======== Record excerpts

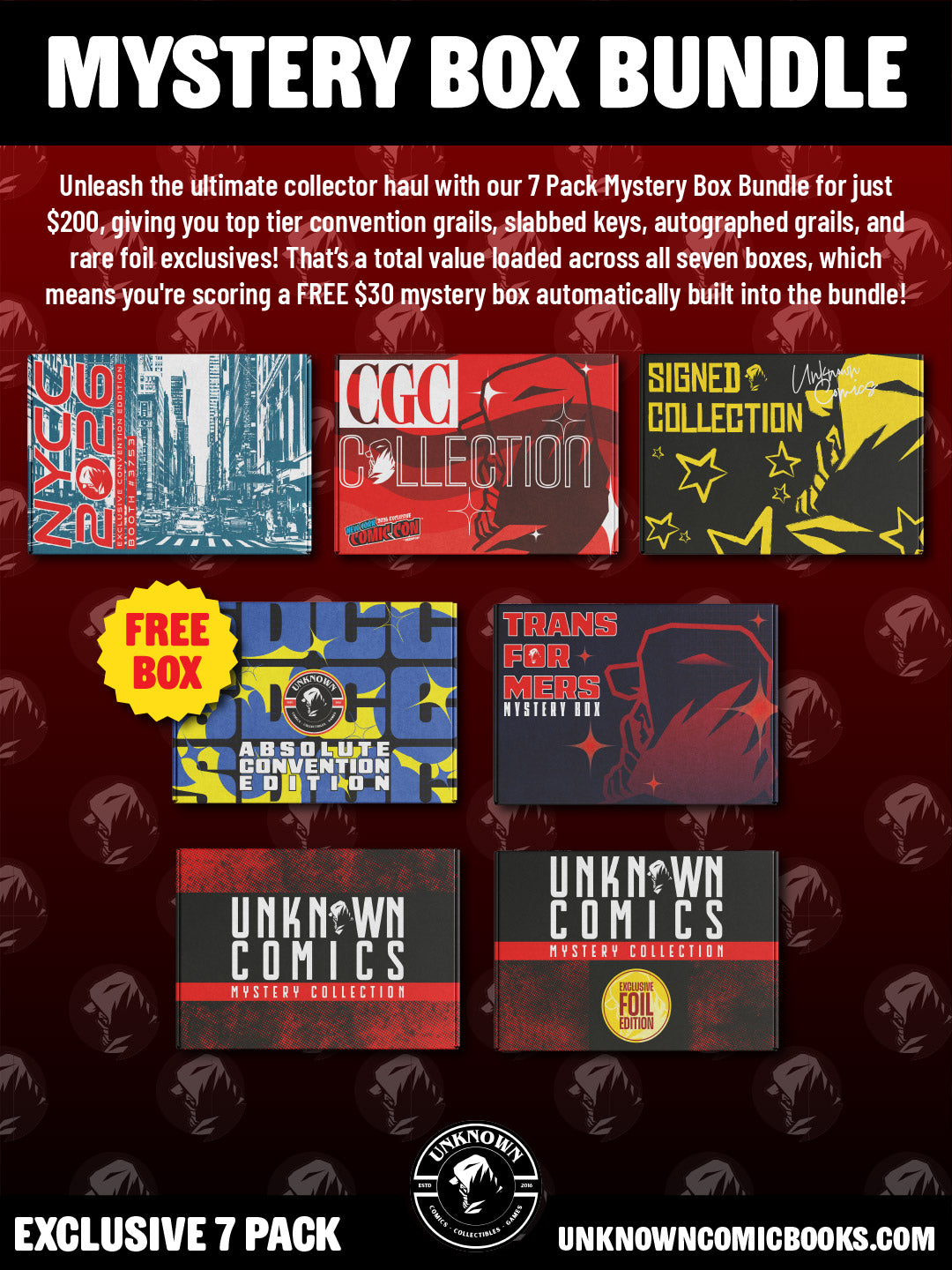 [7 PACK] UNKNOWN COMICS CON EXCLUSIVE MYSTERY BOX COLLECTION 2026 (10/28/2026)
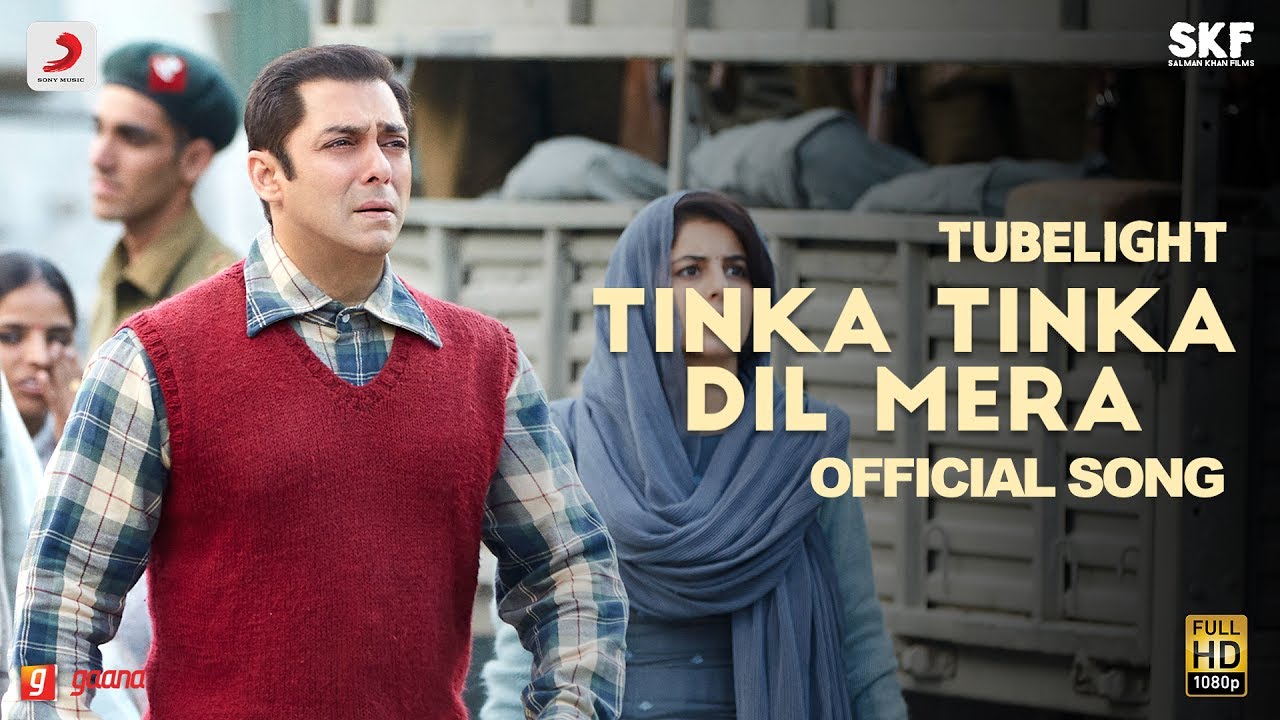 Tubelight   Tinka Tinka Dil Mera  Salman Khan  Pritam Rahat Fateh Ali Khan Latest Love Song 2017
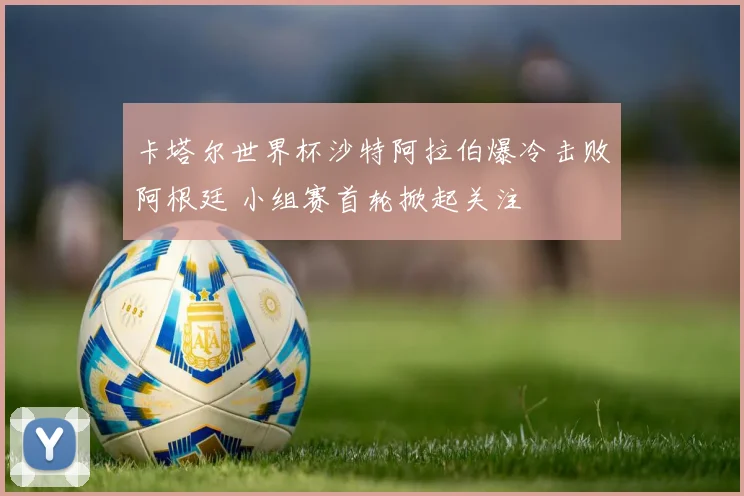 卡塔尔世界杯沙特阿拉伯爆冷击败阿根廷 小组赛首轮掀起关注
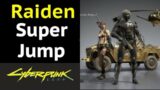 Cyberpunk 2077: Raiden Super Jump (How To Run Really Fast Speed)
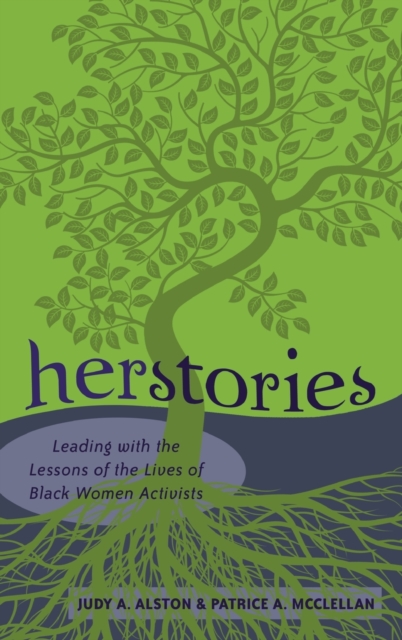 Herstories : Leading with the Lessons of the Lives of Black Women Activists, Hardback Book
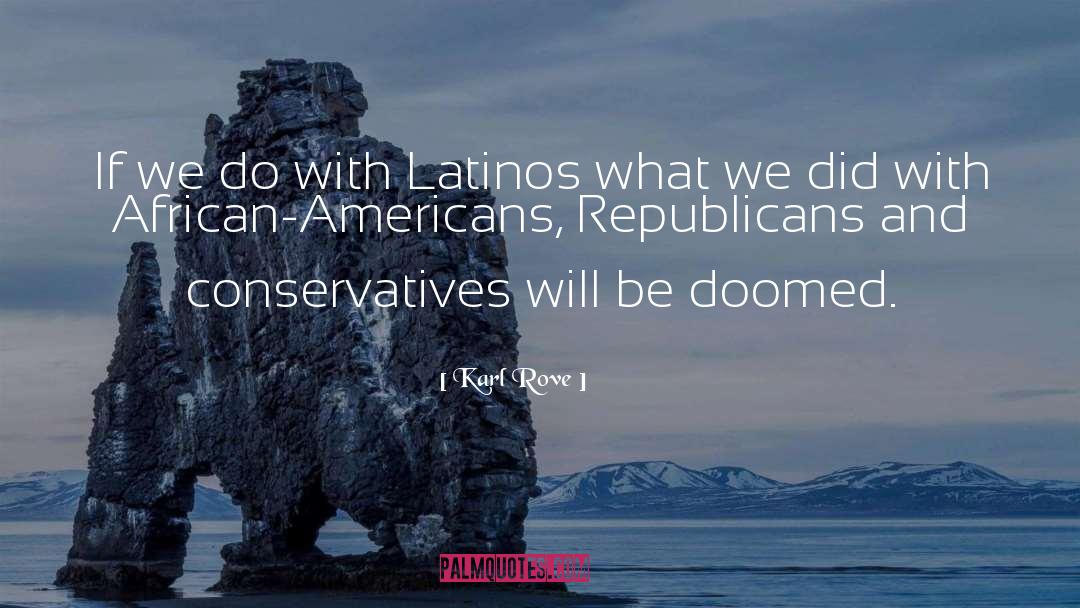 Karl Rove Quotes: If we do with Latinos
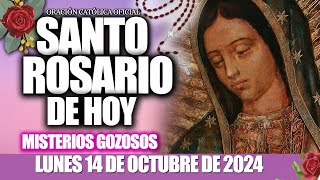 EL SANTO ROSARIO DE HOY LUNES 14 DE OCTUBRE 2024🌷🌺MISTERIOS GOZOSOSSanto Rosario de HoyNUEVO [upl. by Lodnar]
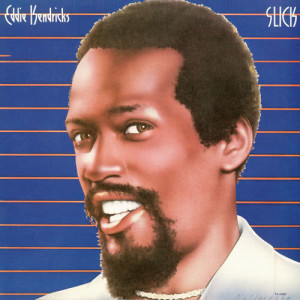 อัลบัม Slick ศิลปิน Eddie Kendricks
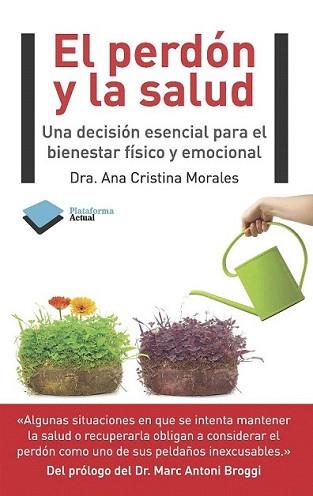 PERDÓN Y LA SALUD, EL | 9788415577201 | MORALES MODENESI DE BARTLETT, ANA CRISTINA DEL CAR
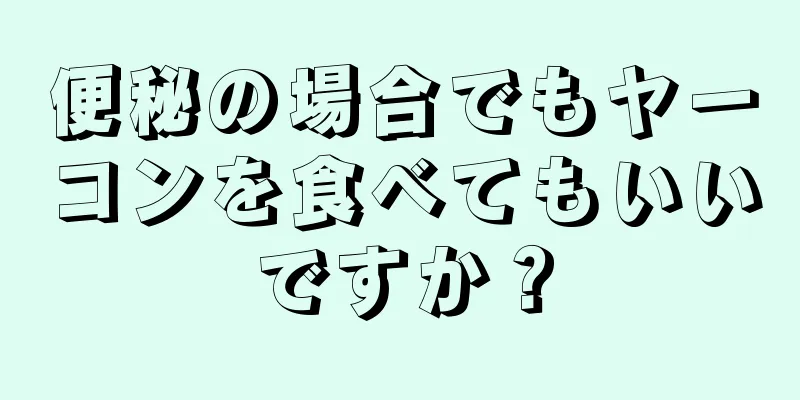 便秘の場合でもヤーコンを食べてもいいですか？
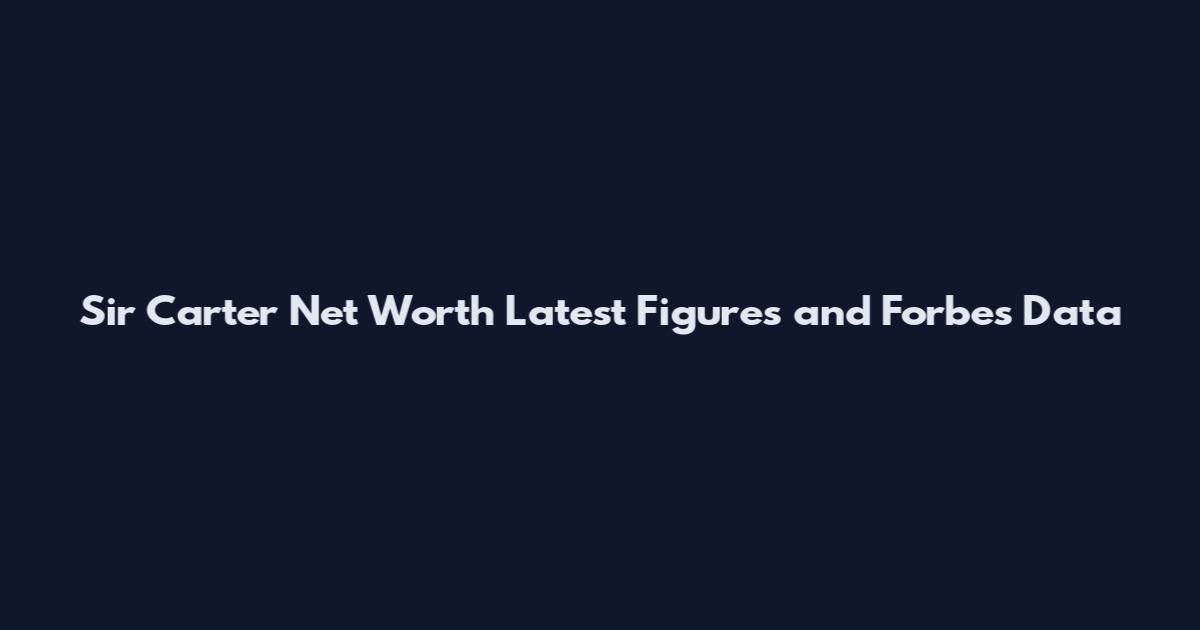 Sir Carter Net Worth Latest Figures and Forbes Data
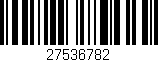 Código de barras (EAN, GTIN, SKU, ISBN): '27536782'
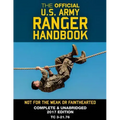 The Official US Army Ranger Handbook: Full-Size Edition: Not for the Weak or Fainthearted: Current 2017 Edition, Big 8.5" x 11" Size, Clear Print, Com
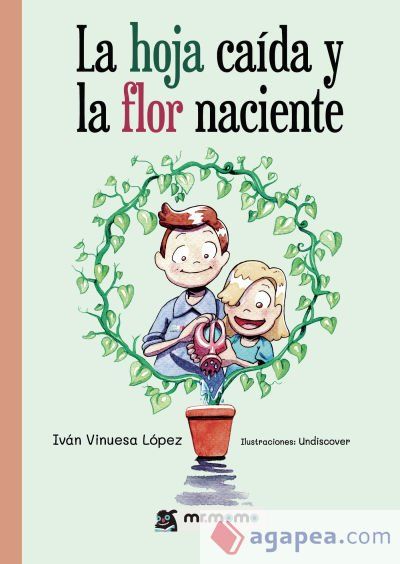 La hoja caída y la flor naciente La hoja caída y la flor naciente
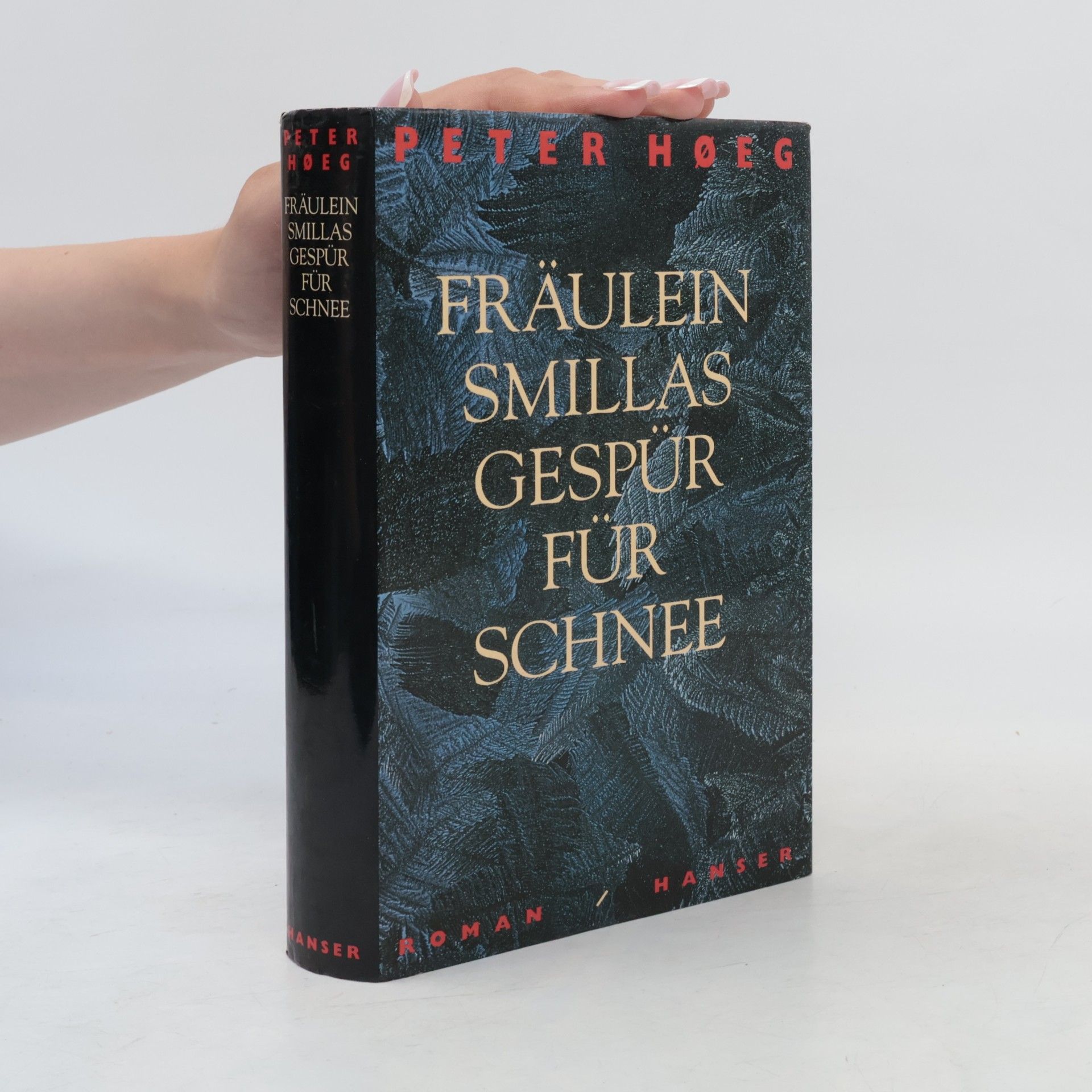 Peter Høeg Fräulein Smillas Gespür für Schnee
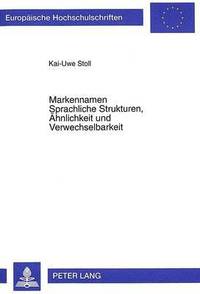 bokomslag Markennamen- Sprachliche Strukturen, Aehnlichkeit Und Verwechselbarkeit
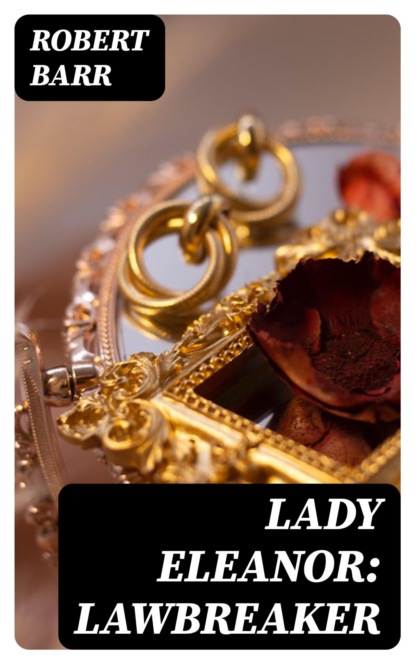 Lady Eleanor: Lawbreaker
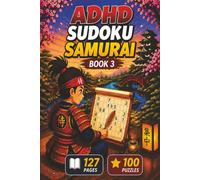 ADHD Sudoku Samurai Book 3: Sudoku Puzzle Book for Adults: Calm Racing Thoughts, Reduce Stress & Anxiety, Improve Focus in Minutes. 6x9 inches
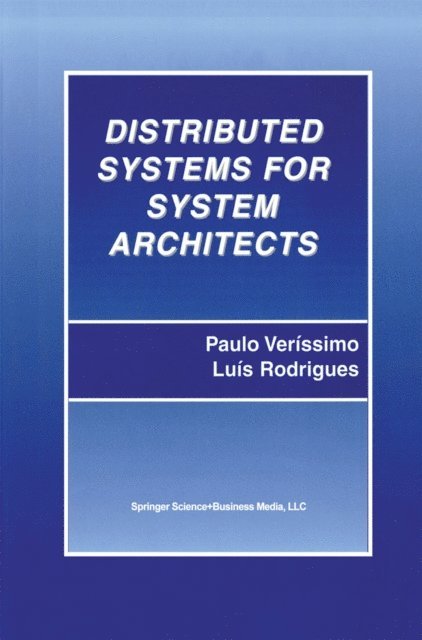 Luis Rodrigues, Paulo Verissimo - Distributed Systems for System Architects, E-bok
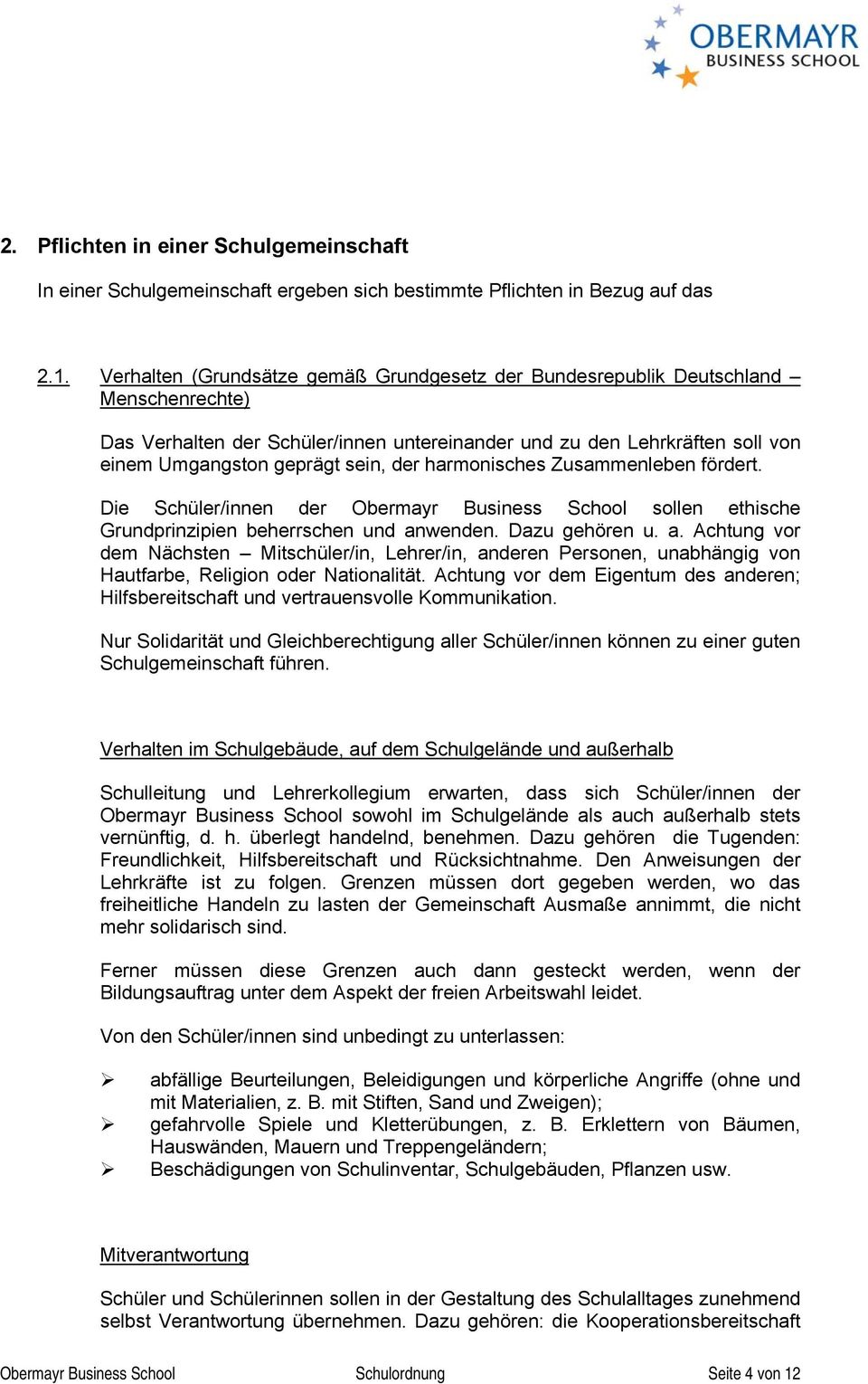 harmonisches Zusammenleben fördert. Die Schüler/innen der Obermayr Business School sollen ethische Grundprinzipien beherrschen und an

================

*Your assignment*. Repeat, without pictures, exactly the lines of the data above from the one containing "Cyberpunk 2077: Raiden" through the one containing "La hoja caída y la flor naciente La", including both and adding nothing.

*Solution to the exercise*.
 Cyberpunk 2077: Raiden Super Jump (How To Run Really Fast Speed)
 Herstories : Leading with the Lessons of the Lives of Black Women Activists, Hardback Book
 Karl Rove Quotes: If we do with Latinos
 EL SANTO ROSARIO DE HOY LUNES 14 DE OCTUBRE 2024🌷🌺MISTERIOS GOZOSOSSanto Rosario de HoyNUEVO [upl. by Lodnar]
 อัลบัม Slick ศิลปิน Eddie Kendricks
 PERDÓN Y LA SALUD, EL | 9788415577201 | MORALES MODENESI DE BARTLETT, ANA CRISTINA DEL CAR
 便秘の場合でもヤーコンを食べてもいいですか？
 Sir Carter Net Worth Latest Figures and Forbes Data
 Código de barras (EAN, GTIN, SKU, ISBN): '27536782'
 The Official US Army Ranger Handbook: Full-Size Edition: Not for the Weak or Fainthearted: Current 2017 Edition, Big 8.5" x 11" Size, Clear Print, Com
 La hoja caída y la flor naciente La hoja caída y la flor naciente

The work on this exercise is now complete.